To do:
If a record holds a picture, omit that picture and copy everything else exactly.
-- Input data follows --
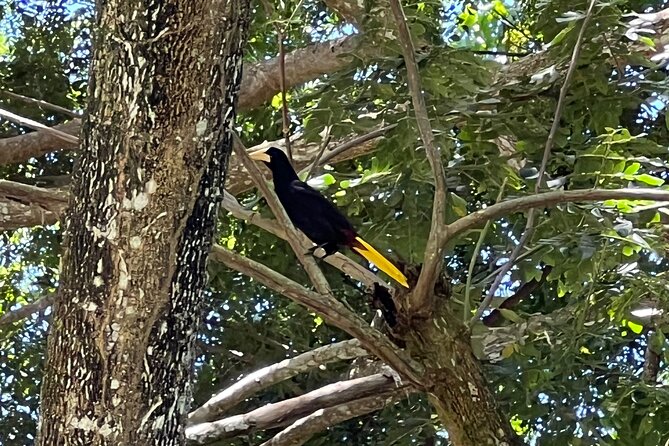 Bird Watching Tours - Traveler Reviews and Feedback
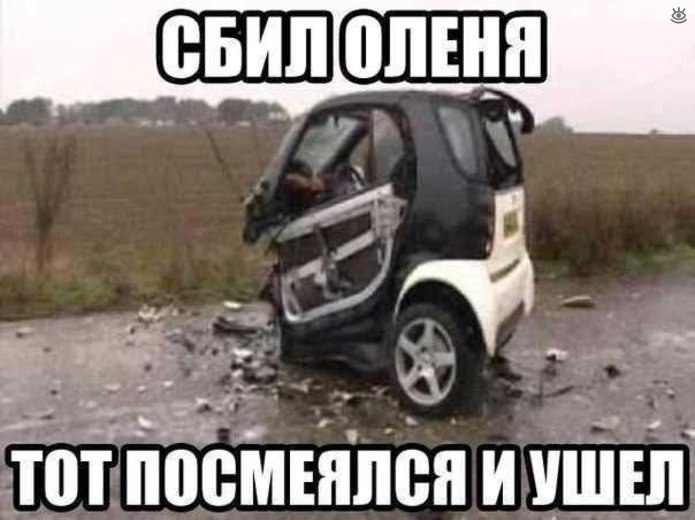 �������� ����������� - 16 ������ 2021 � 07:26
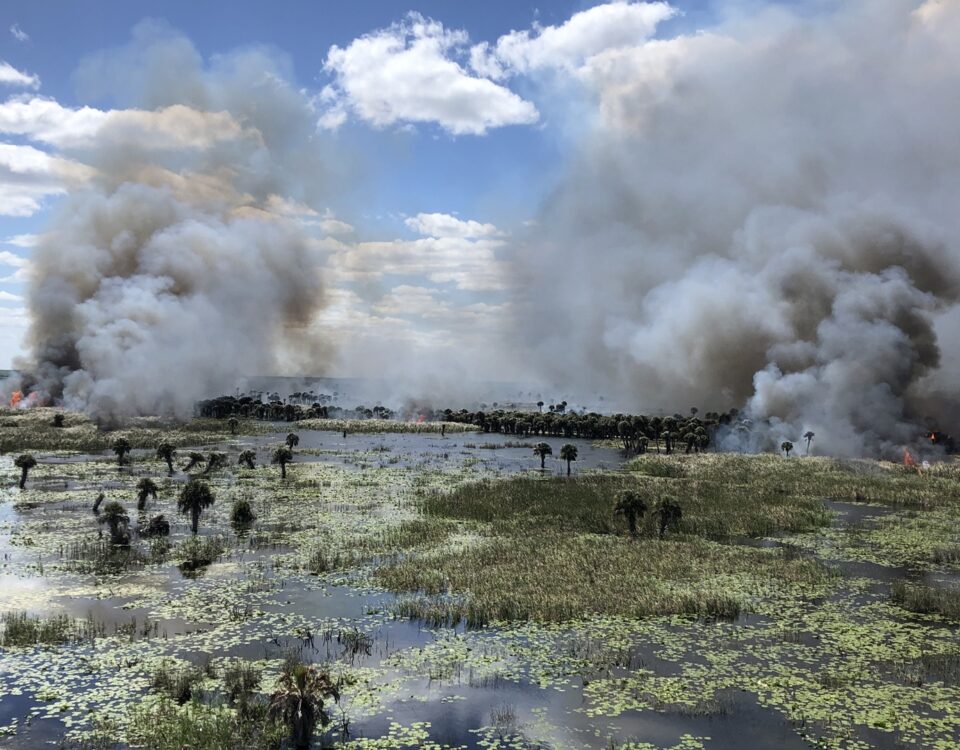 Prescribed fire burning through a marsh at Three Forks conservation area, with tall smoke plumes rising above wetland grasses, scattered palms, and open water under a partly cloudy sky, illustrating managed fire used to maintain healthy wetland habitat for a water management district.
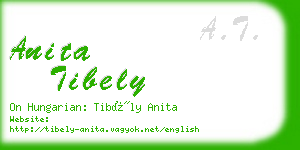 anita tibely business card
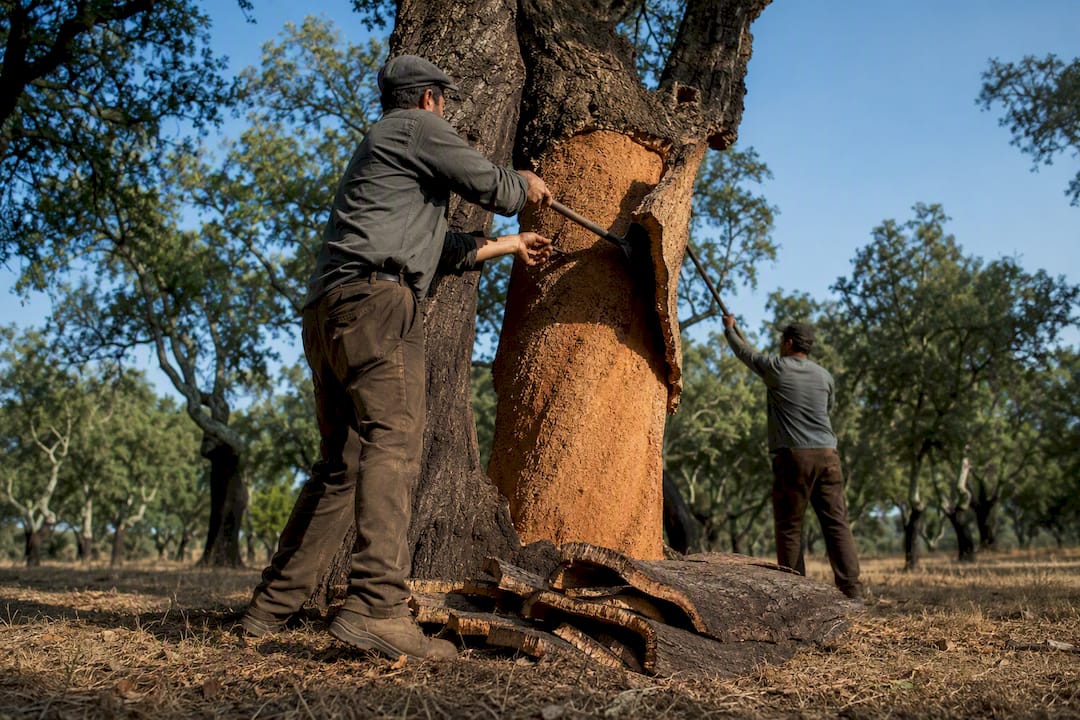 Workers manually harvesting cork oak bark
-- Input data concluded --
Result:
 Bird Watching Tours - Traveler Reviews and Feedback
 �������� ����������� - 16 ������ 2021 � 07:26
 Prescribed fire burning through a marsh at Three Forks conservation area, with tall smoke plumes rising above wetland grasses, scattered palms, and open water under a partly cloudy sky, illustrating managed fire used to maintain healthy wetland habitat for a water management district.
 anita tibely business card
 Workers manually harvesting cork oak bark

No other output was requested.